Mas se antes esse tipo de unidade, mesmo crescendo em popularidade, ainda era considerada
produto de subculturas da Internet, normalmente associada aos imageboards, com suas próprias
condutas e humores idiossincráticos, a partir da introdução das novas plataformas da Web 2.0 no
contexto digital e seu estabelecimento como principais canais de circulação de informação online,
os memes, de uma maneira geral, passaram do seu estado de exclusividade e circulação em circuitos
restritos para uma espécie de massificação, tornaram-se mesmo mainstream, ou seja, passaram a
ser reconhecidos e aceitos por um público não associado a essas tendências.

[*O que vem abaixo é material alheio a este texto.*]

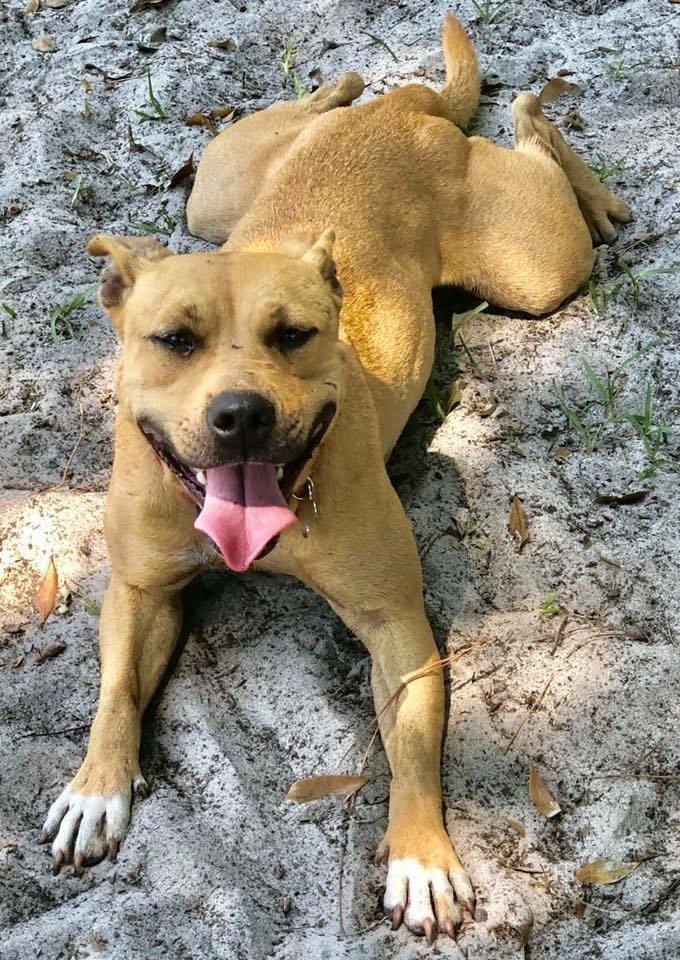 dog for adoption charlotte a black mouth cur cattle dog mix in palm city fl petfinder cattle dog mix in palm city fl petfinder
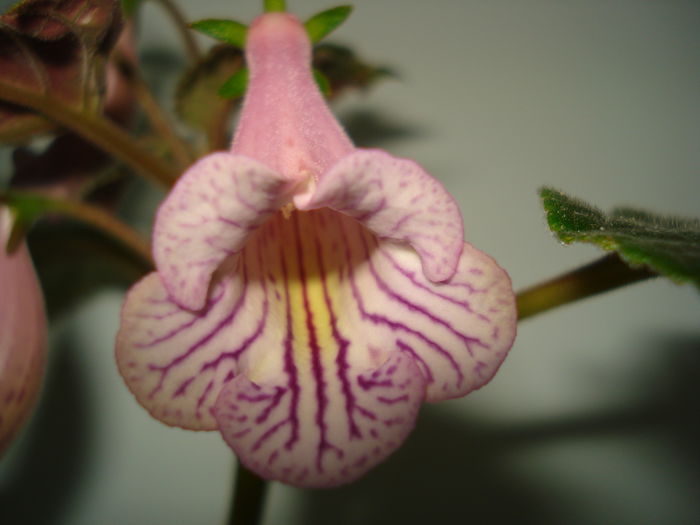 DSC09058 - FLORI 2014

Por conseguinte, atualmente vivemos em uma era marcada por uma lógica hipermemética
(SHIFMAN, 2014, p. 04) na qual cada evento público desagua em uma enxurrada de memes como
forma de estabelecer uma conversação em torno de um tópico, daí que, por exemplo, desde a Copa
do Mundo no Brasil até os Jogos Olímpicos do Rio de Janeiro e desde as eleições presidenciais até
o impedimento da presidenta Dilma Rousseff, tudo foi motivo para que memes fossem criados
como artefatos participativos que são, na verdade, discursos (MILNER, 2012, p. 10). Mais que
isso, os memes da internet são formas peculiares de expressão dos seus autores em uma nova ágora,
comentários acerca da própria realidade que se apresenta. Claro que nesses debates sociais, mesmo
no caso de assuntos mais densos como a política, os memes tendem a se combinar e recombinar
com outros elementos, com outros tópicos, com outros motivos e com outros memes, criando
múltiplas camadas de significado e abrindo novas formas de sátira política e social. Ou seja, eles
funcionam também como discursos públicos construídos socialmente.
2. Os gêneros meméticos
Os memes da internet mesmo em suas idiossincrasias, de modo geral, seguem um mesmo
caminho na sua criação, rotas que podem ser pensadas de fato como gêneros, ou seja, tipos de ação
comunicativa socialmente reconhecidos que “compartilham não apenas características estruturais
e estilísticas, mas também temas, tópicos e público alvo” (SHIFMAN, 2014, p. 99). Por
conseguinte, os gêneros meméticosiii estabeleceram-se como formas que encontramos diariamente
na comunicação digital; outrora simples artefatos isolados, eles passaram a compor um largo campo
de modelos com suas próprias regras e convenções.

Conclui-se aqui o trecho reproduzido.